Exercise: Set the listing down again in full, word for word, with the pictures left out.

Provided data:
- Opening Delimiter -
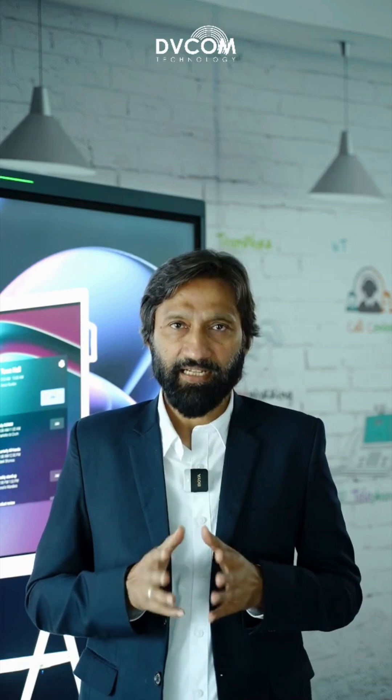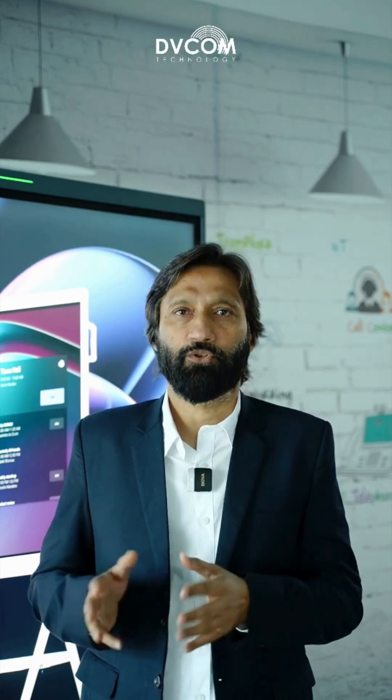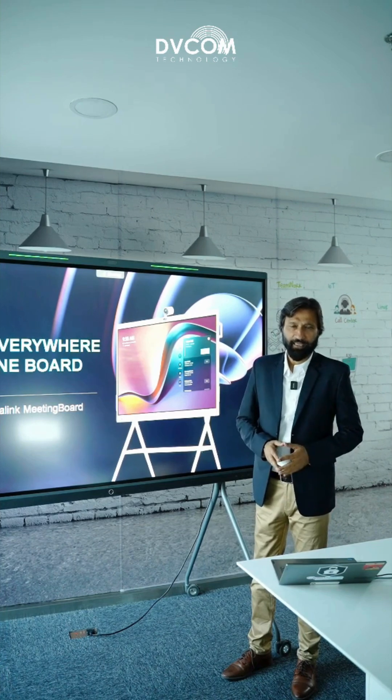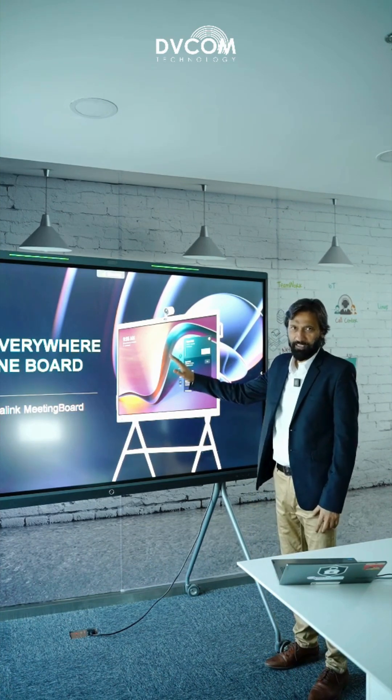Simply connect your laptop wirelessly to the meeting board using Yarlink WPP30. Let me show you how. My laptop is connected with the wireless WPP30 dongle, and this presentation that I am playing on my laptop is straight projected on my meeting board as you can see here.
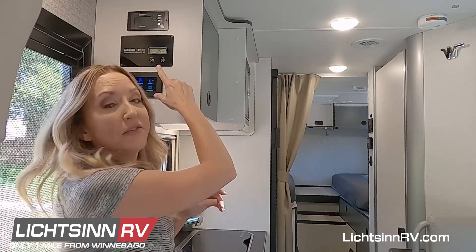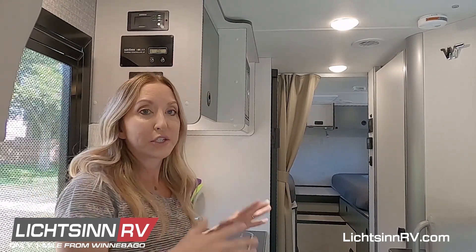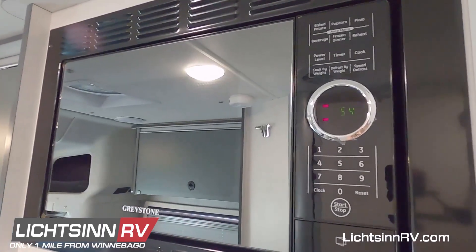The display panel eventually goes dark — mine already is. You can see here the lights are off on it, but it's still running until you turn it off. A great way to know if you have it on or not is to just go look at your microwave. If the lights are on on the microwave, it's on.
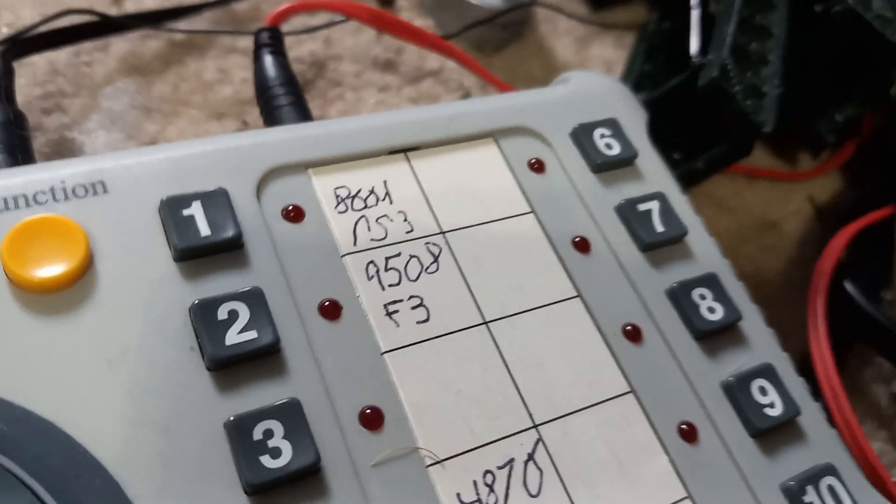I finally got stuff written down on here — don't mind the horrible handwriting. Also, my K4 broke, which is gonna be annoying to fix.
- Closing Delimiter -
Answer to this problem:
Simply connect your laptop wirelessly to the meeting board using Yarlink WPP30. Let me show you how. My laptop is connected with the wireless WPP30 dongle, and this presentation that I am playing on my laptop is straight projected on my meeting board as you can see here.
The display panel eventually goes dark — mine already is. You can see here the lights are off on it, but it's still running until you turn it off. A great way to know if you have it on or not is to just go look at your microwave. If the lights are on on the microwave, it's on.
I finally got stuff written down on here — don't mind the horrible handwriting. Also, my K4 broke, which is gonna be annoying to fix.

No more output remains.